For academic institutions (or really anyone with a serious interest in dermoscopy imaging), specialized dermatoscopic camera lenses also exist, which may be more convenient to use compared to handheld devices connected to a camera. These specific lenses may also enable the capture of sharper and clearer pictures in comparison to those taken with handheld equipment. 

*There is one important caveat with respect to taking dermoscopy pictures by "just holding your camera up to your dermatoscope." Depending on the device, this issue can also complicate matters even for those who are using a MagnetiConnect case or clamp. 

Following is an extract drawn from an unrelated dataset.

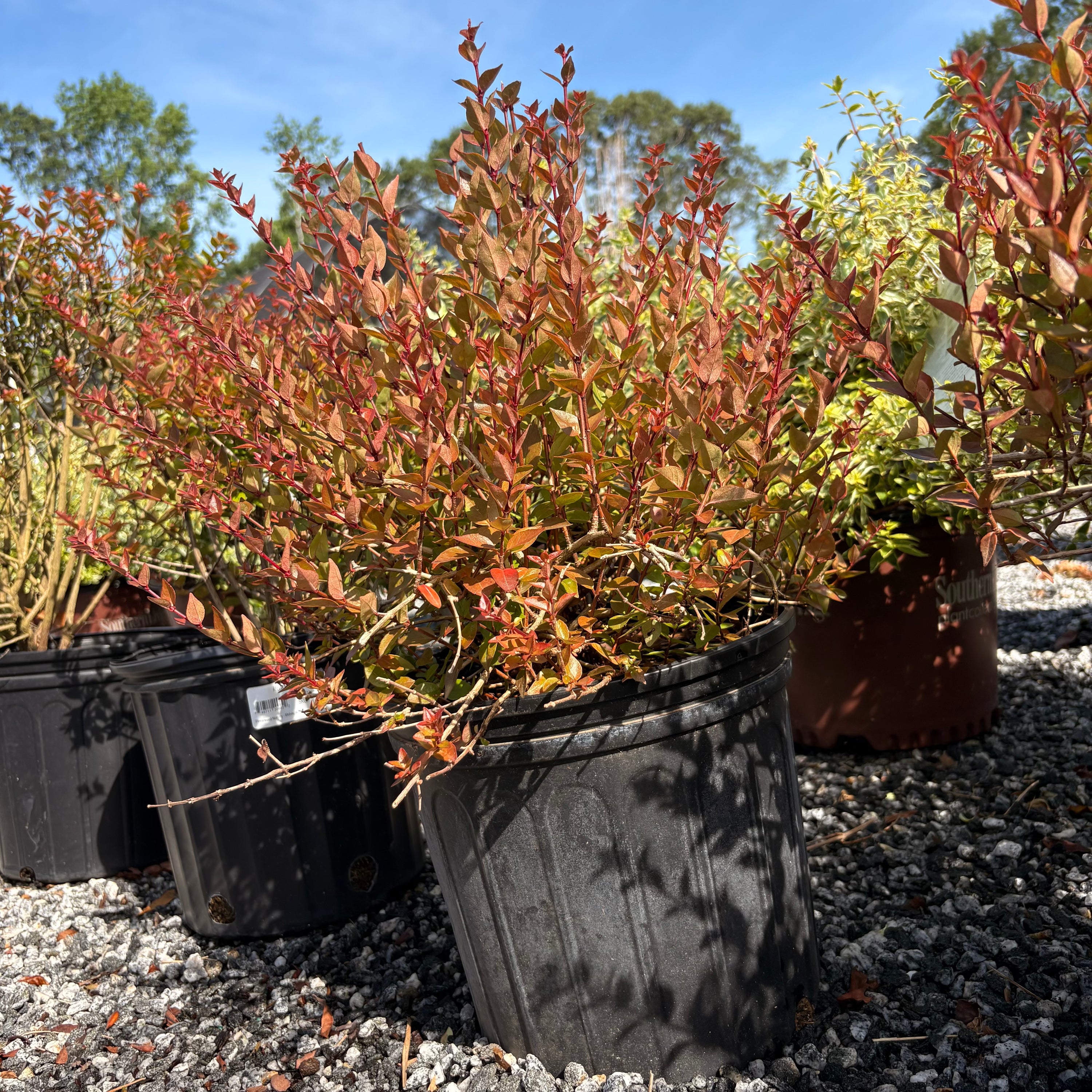 Rose Creek Abelia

The problem which some have experienced is that when trying to take photos with their dermatoscope, just as soon as the image starts to focus, the image suddently gets blurry and/or abruptly moves out of frame. This is is a known issue that can occur when modern "multi-lens" smartphones (or other devices) automatically switch camera lenses.

It happens because the device is trying to choose the "best lens for the shot" (out of its multiple available lenses). Just as the image starts to come into focus, the iPhone (or other device) perceives that one of its other lenses might provide a better result. So it abruptly "switches" to that other lens. Everything is adjusted, the image again starts to come into focus, but then it does it again, and again, and again...

To prevent this from happening, you can go to your device's camera settings and disable "automatic lens switching." On some devices, this setting is called "Lock Camera," while in other devices it's labeled "Macro Switching." It may even go by other names depending on the manufacturer. When in doubt, just do a Google search for "[device name] turn off automatic camera lens switching" and you should find the instructions you're looking for!